▸ The problem:
From the top of the records below down to the line containing "Aram Designs", reproduce every line exactly.

Scraped caption text data:
*** Begin section ***
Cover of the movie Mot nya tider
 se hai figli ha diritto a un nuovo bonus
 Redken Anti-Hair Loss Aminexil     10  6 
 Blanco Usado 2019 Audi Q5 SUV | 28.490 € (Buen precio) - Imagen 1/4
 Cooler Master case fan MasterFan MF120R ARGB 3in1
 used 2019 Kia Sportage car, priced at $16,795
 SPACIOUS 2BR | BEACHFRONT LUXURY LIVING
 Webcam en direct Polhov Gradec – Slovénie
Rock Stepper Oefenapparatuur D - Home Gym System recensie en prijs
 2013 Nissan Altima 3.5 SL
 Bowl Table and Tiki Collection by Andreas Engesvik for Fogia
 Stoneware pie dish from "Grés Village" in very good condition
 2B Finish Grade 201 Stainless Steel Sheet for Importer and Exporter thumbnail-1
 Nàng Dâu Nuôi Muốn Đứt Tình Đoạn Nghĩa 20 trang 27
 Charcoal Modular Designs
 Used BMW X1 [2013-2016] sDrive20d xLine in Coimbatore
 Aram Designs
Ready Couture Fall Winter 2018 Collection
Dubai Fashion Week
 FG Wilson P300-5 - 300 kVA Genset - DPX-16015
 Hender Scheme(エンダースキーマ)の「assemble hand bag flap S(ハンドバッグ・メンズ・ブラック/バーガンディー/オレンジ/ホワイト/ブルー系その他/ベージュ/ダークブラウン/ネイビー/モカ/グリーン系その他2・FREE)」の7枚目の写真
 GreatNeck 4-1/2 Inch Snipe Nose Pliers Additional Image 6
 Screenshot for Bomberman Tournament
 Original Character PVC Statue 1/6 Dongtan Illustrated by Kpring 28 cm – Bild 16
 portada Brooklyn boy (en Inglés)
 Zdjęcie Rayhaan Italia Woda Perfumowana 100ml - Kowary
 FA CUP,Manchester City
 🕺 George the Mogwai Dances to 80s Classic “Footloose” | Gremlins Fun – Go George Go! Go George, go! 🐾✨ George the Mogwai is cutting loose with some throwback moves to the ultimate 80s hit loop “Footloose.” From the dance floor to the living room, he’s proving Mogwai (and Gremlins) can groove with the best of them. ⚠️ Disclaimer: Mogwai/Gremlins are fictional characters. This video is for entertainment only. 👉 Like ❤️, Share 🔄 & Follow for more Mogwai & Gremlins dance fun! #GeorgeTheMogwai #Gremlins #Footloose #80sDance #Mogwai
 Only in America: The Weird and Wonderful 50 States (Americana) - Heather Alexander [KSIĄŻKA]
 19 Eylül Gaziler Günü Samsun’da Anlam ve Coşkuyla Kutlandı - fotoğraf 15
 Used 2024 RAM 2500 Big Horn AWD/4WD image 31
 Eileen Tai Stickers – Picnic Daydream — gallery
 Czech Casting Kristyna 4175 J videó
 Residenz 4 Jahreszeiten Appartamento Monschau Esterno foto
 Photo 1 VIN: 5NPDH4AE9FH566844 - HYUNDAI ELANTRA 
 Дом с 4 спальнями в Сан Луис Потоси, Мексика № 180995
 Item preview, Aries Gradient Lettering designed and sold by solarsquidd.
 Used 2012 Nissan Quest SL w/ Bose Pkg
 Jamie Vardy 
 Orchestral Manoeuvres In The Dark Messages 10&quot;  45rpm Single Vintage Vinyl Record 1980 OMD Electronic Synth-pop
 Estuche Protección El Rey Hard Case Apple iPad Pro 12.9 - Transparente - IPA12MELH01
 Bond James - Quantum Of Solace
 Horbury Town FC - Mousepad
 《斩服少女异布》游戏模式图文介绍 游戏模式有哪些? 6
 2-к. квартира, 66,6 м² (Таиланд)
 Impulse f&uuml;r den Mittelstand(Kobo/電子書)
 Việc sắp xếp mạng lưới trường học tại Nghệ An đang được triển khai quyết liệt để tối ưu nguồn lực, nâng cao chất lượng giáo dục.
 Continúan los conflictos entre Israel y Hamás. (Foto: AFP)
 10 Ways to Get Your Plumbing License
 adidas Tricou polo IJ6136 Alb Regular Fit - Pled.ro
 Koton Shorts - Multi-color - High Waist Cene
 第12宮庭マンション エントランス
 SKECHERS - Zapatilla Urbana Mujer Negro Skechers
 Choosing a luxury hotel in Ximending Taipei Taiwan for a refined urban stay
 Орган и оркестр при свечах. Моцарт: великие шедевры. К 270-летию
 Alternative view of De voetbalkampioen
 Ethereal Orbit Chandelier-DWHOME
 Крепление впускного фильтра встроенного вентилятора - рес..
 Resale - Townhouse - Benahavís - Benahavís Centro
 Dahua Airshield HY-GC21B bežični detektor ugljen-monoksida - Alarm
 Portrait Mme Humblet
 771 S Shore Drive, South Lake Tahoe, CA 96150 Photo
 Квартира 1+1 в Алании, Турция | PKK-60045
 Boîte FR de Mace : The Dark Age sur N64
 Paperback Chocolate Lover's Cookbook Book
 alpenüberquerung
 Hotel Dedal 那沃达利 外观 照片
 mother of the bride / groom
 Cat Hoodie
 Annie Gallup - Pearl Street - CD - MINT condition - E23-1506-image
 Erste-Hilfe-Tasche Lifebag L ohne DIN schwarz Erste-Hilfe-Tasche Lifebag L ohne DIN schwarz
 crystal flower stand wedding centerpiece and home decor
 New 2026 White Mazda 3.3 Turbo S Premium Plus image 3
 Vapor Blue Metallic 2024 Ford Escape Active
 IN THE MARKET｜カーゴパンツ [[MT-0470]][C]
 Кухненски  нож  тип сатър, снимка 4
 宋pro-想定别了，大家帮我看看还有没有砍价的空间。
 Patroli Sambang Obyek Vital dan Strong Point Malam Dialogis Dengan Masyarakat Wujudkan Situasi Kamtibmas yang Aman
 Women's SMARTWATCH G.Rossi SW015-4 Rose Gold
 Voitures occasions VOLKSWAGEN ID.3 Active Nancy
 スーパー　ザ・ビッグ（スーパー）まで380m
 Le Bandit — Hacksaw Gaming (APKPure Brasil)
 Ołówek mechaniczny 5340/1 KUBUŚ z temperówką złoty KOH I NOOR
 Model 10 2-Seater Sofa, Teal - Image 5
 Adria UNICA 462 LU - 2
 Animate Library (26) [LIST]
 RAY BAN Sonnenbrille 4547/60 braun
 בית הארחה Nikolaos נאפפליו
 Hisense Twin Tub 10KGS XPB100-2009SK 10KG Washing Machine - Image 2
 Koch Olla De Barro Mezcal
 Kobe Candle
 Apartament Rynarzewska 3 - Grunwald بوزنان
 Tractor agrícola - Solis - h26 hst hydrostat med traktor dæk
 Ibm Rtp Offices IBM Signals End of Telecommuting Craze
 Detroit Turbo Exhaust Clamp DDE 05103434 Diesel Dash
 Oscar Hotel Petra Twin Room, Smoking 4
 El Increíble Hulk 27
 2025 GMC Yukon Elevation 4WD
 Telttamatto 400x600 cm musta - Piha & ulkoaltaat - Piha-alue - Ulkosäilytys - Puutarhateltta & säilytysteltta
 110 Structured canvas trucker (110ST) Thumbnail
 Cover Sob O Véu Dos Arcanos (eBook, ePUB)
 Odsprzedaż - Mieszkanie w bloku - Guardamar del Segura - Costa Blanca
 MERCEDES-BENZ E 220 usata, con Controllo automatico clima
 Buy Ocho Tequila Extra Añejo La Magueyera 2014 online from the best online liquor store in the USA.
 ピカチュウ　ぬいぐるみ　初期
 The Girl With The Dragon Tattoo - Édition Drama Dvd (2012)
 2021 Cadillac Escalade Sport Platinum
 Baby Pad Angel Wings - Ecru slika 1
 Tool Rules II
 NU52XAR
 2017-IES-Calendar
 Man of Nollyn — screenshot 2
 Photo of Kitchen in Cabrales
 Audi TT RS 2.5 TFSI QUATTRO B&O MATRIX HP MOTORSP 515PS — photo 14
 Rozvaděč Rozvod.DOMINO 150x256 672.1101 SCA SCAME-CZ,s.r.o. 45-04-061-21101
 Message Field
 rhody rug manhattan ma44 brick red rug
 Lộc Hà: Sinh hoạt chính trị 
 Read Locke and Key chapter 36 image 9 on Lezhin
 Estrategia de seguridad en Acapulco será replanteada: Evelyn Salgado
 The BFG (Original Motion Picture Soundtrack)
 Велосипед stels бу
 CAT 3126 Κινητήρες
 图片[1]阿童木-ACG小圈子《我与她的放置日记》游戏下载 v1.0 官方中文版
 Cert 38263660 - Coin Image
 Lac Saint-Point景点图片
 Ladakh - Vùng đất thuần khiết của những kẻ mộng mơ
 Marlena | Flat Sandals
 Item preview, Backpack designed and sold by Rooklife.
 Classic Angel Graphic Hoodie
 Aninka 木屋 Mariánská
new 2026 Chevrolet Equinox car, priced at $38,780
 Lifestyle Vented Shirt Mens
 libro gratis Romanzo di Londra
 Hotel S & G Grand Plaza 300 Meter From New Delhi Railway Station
*** End section ***
▸ Task response:
Cover of the movie Mot nya tider
 se hai figli ha diritto a un nuovo bonus
 Redken Anti-Hair Loss Aminexil     10  6 
 Blanco Usado 2019 Audi Q5 SUV | 28.490 € (Buen precio) - Imagen 1/4
 Cooler Master case fan MasterFan MF120R ARGB 3in1
 used 2019 Kia Sportage car, priced at $16,795
 SPACIOUS 2BR | BEACHFRONT LUXURY LIVING
 Webcam en direct Polhov Gradec – Slovénie
Rock Stepper Oefenapparatuur D - Home Gym System recensie en prijs
 2013 Nissan Altima 3.5 SL
 Bowl Table and Tiki Collection by Andreas Engesvik for Fogia
 Stoneware pie dish from "Grés Village" in very good condition
 2B Finish Grade 201 Stainless Steel Sheet for Importer and Exporter thumbnail-1
 Nàng Dâu Nuôi Muốn Đứt Tình Đoạn Nghĩa 20 trang 27
 Charcoal Modular Designs
 Used BMW X1 [2013-2016] sDrive20d xLine in Coimbatore
 Aram Designs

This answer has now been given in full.